Quel sens a la lettre des sénateurs ? On se demande si certaines forces malintentionnées sont derrière ces accusations contre Cuba pour arriver à un rafraîchissement des relations.
Coopération à la recherche de la vérité
Après que la partie cubaine ait beaucoup insisté, des représentants des agences spécialisées des Etats-Unis se sont rendus à La Havane 3 fois et ont exprimé l’intention de coopérer de façon plus importante.
Selon une autre source, les autorités cubaines, selon les résultats préliminaires de l’enquête et les données fournies par les autorités nord-américaines jusqu’à présent n’ont pas trouvé de preuves qui confirment les causes et l’origine des affections de santé concernant des diplomates des Etats-Unis et leurs familles et il n’a pas été possible d’établir d’hypothèse sur l’origine de ces faits qui, par leur nature, sont « éminemment sensibles. »
Il n’y a pas d’explication crédible pour la variété de symptômes décrits : fortes douleurs de tête, nausées et perte permanente de l’audition, déficiences cognitives, lésions cérébrales, problèmes de mémoire. Les experts refusent l’application des lois physiques dans certaines des hypothèses avancées, a ajouté la source.
Les experts états-uniens consultés par l’agence de presse AP arrivent à la même conclusion. Pour Joseph Pompei, ex-chercheur au MIT et expert en psycho-acoustique, « dommages cérébraux et commotions, ce n’est pas possible (…) Il aurait fallu plonger la tête de la personne dans une piscine pleine de puissants transducteurs d’ultrasons. »

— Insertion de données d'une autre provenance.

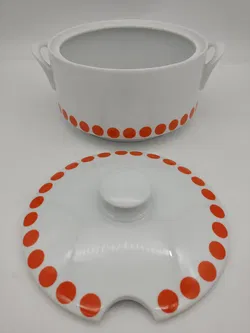 Vintage-Suppentopf  - weiss/orange gemustert - Bild 3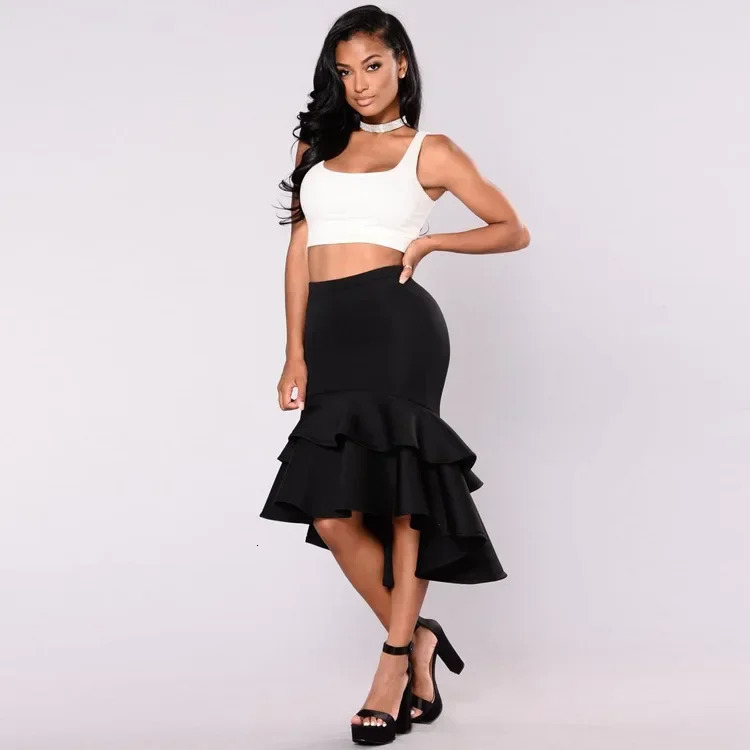 Sexy Fishtail Skirt Black Slim Ladies Spring Fashion Loose Mid Length Irregular Stitching Ruffled Hip Pencil 250220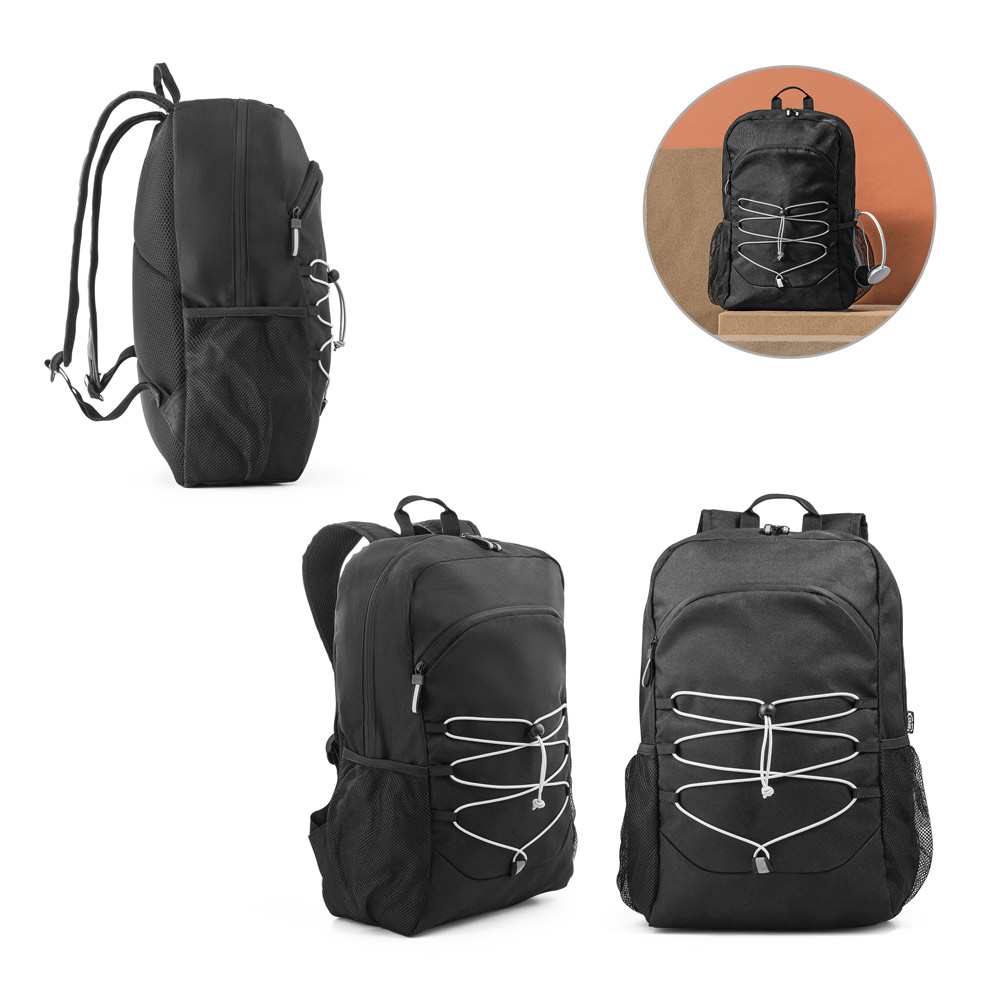 SPBrindes Corporativos - DELFOS BACKPACK. Mochila para notebook (15'6") em poliéster reciclado 300D e poliéster reciclado 600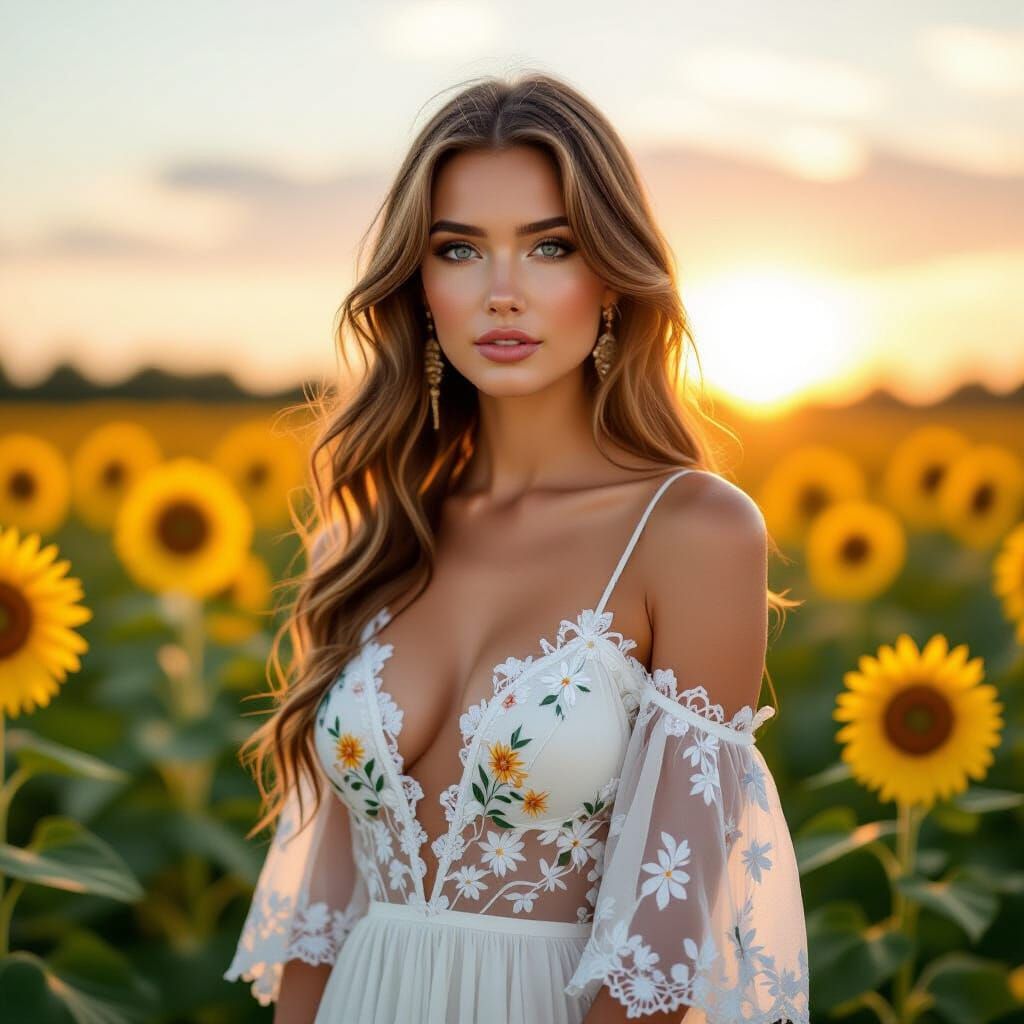 Golden Haired Woman in Sunflower Field, Art Nouveau Style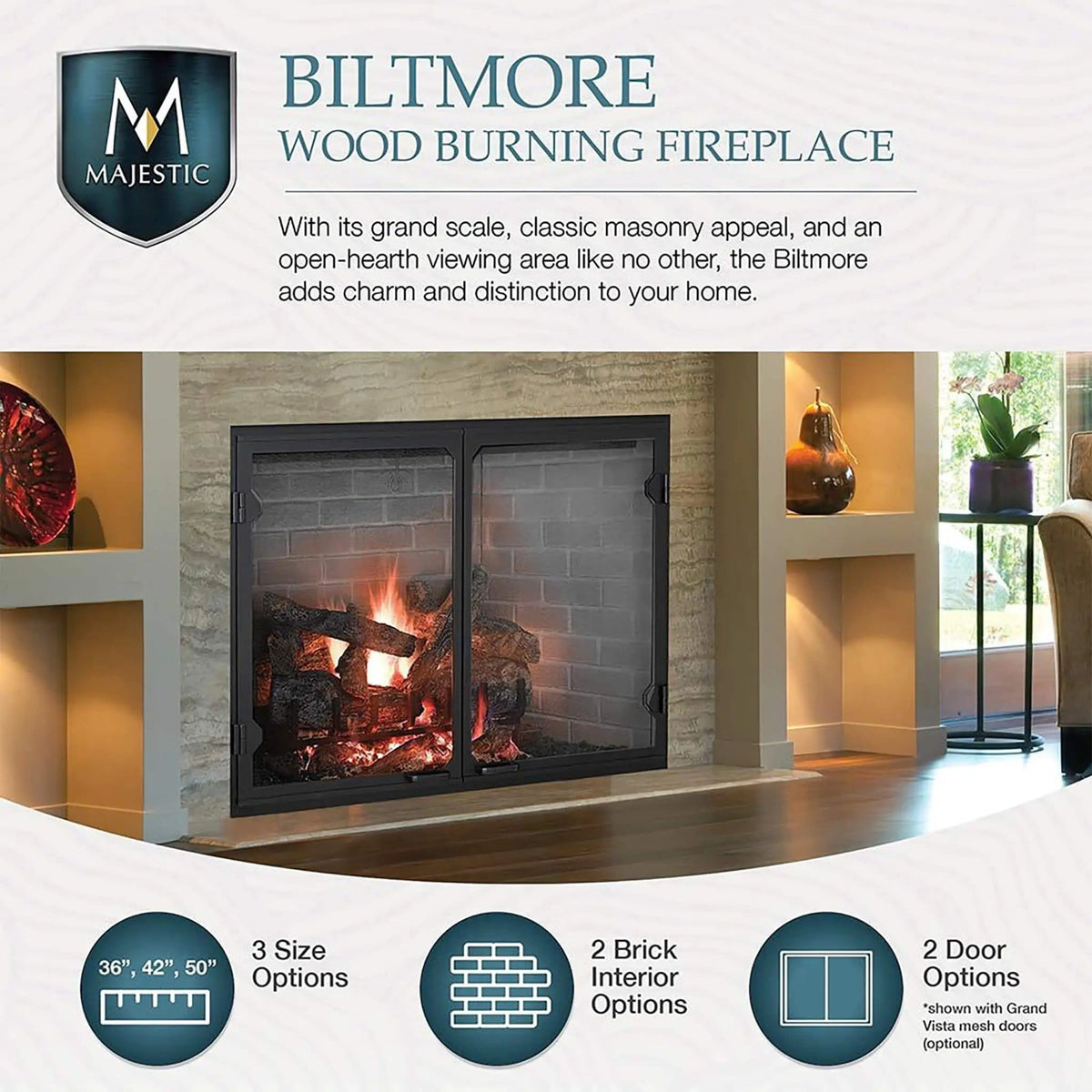 Majestic Biltmore Radiant 36-Inch Open Wood Burning Fireplace | 36 Inch | Glass | Living Room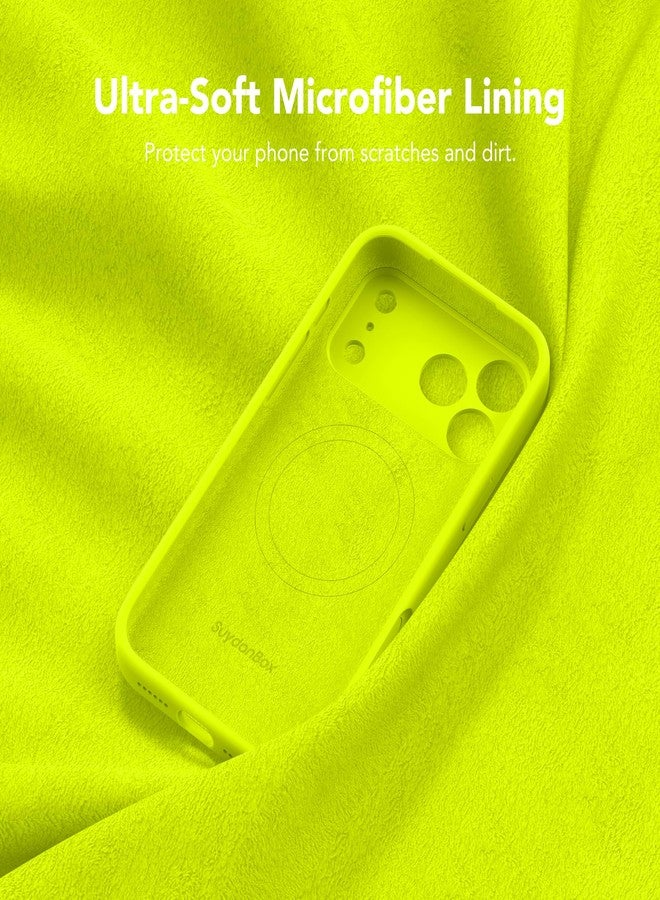 SuydanBox Magnetic for iPhone 17 Pro Max Case, Compatible with MagSafe, [Full Camera Protection][Screen Protector] Silicone Shockproof Protective Phone Case for iPhone 17 Pro Max, Fluorescent Green - Image 5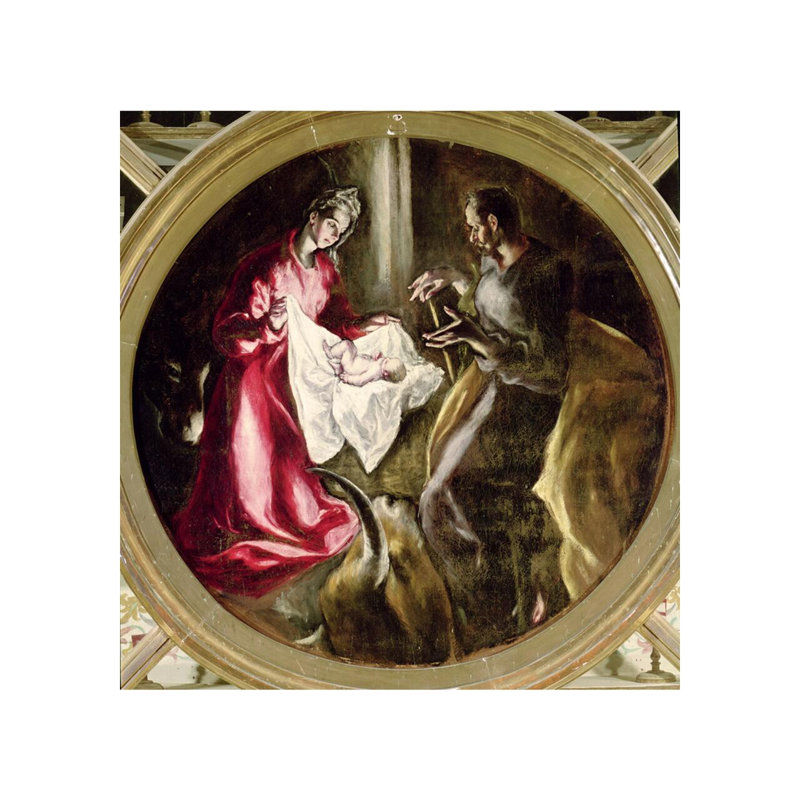 La Nativité 1587-1614 (huile sur toile) par El Greco - Estampe numérique, H 20 po x l 16 po
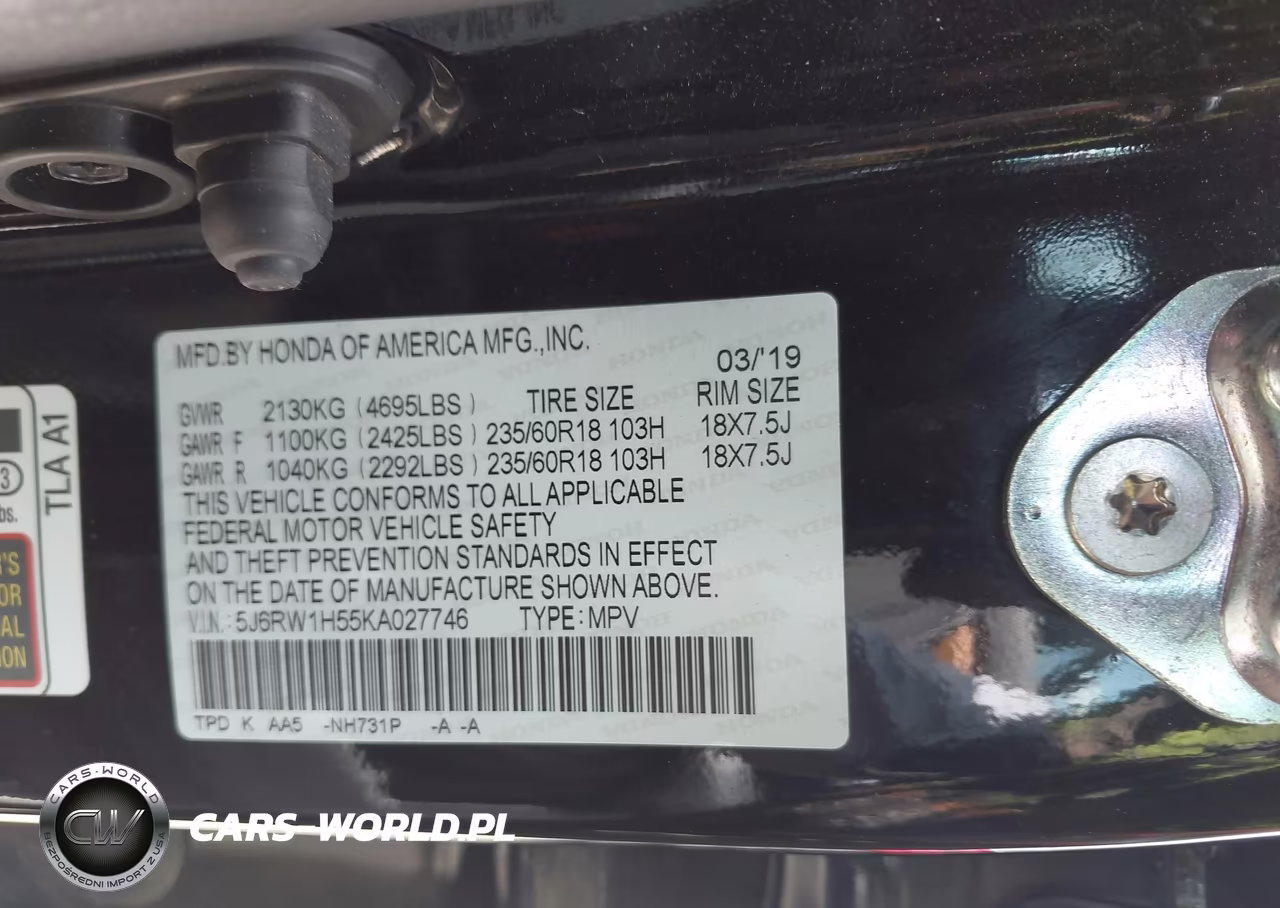 2019 Honda Cr-V Ex VIN:5J6RW1H55KA027746 - 9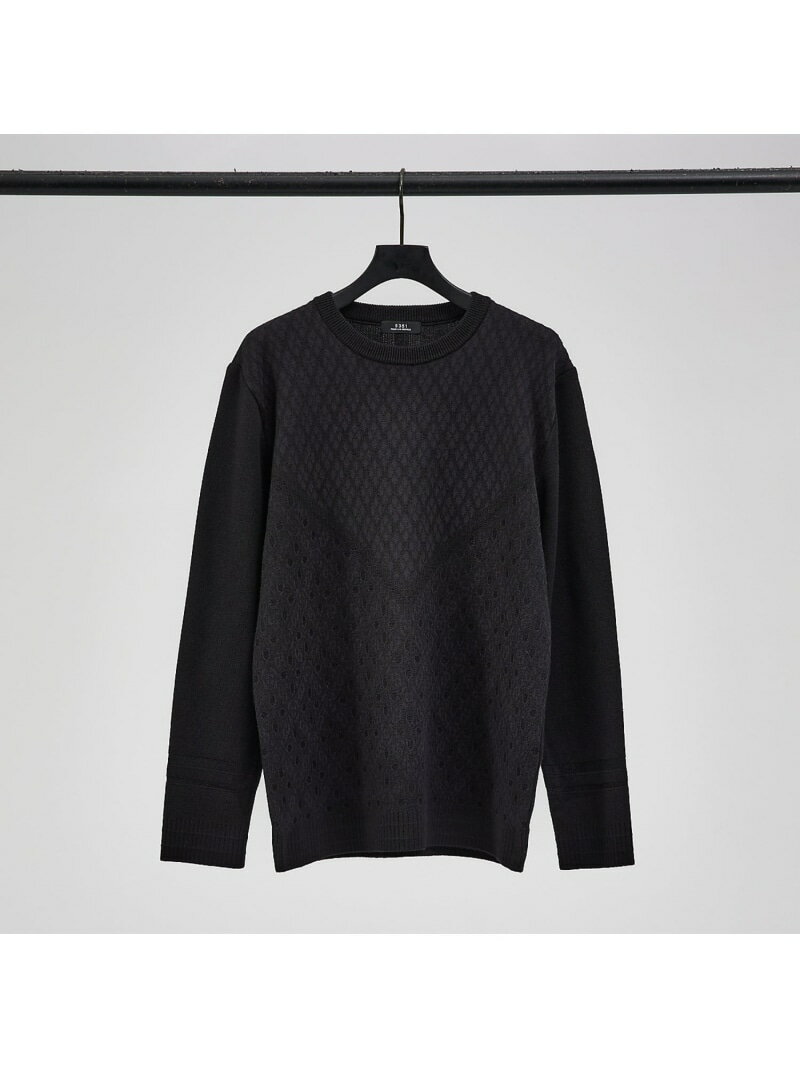 【SALE/20%OFF】5351POUR LES HOMMES 変形千鳥ジオメトリックニット ゴーサンゴーイチプールオム トップス ニット ホワイト レッド ブラック【RBA_E】【送料無料】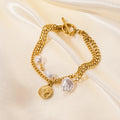 GANPUP 316L Stainless Steel Delicate Pearl Starfish Charms Bracelet For Women Texture Waterproof Wrist - Visuel 10 | SAMAG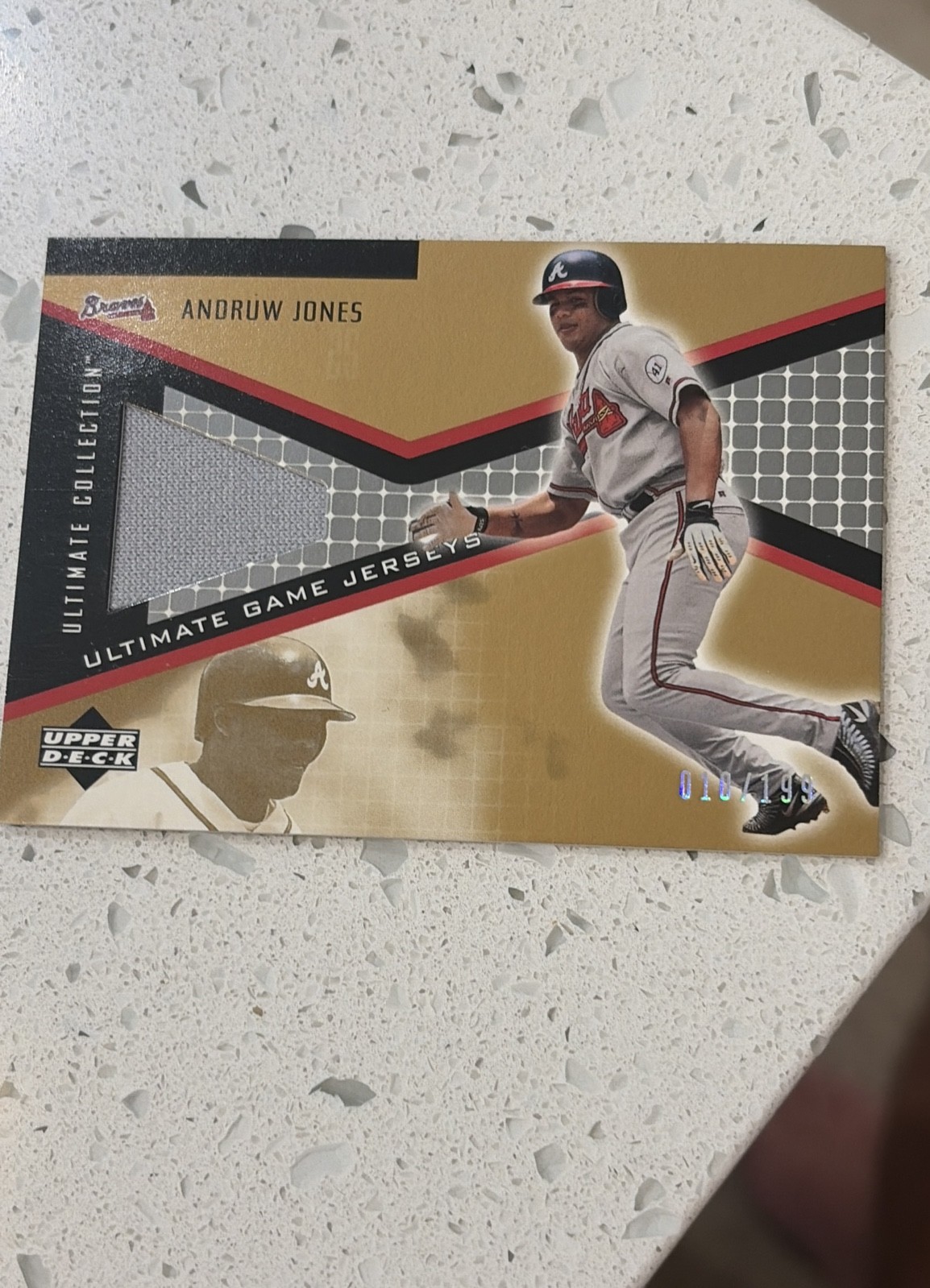 2002 Upper Deck Ultimate Collection Ultimate Game Jerseys Andruw Jones  10/199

« Je ne connais rien ni aucun dispositif acoustique qui puisse produire une lésion cérébrale traumatique ou des symptômes semblables à une commotion, » a également dit à AP Juergen Altmann, expert en armes acoustiques et physicien de l’Université Technique de Dortmund, Allemagne.
Le Dr. Toby Heys, chef d’un centre de recherche sur les technologies du futur à l’Université Métropolitaine de Manchester, au Royaume Uni, a dit à la revue New Scientist que des ondes sonores qui ne peuvent pas être entendues pourraient théoriquement causer des dommages physiques mais qu’il faudrait utiliser l’énormes trompes à un fort volume qu’il serait difficile de cacher.
Selon la partie états-unienne, les incidents ont eu lieu dans des lieux délimités, quelquefois à l’intérieur d’une seule chambre et avec une précision laser et ont affecté une personne en particulier mais sans causer de dommages aux autres, une technologie dont les connaisseurs affirment qu’elle n’existe pas.
Un autre fait important est que le Département de la Défense des Etats-Unis a reconnu qu’il a manié des technologies secrètes pendant des décennies, même avant qu’elles soient sorties sur le marché. Pourquoi rendre Cuba responsable de l’utilisation d’une technologie que, si elle existe, les Nord-américains eux-mêmes pourraient avoir et affirment qu’ils n’ont pas ?
Comme l’a reconnu le porte-parole du Département d’Etat Heather Nauert, la vérité est qu’on ne sait pas ce qui a causé cela ou qui l’a causé, c’est pourquoi l’enquête est toujours en cours aux Etats-Unis et à Cuba.
Un expert cubain a assuré qu’à Cuba, il n’existe ni le matériel ni la technologie qui pourraient être utilisés à des fins similaires à ce qui est décrit comme attaques acoustiques.
Il n’y a aucun précédent de cette sorte à Cuba, même pas aux moments depire tension et de pire confrontation avec les Etats-Unis, a-t-il réaffirmé parce que Cuba prend très au sérieux sa presonsabilité dans la protection des diplomates conformément à la convention de Vienne de 1961 qui régit cette pratique, a-t-il conclu.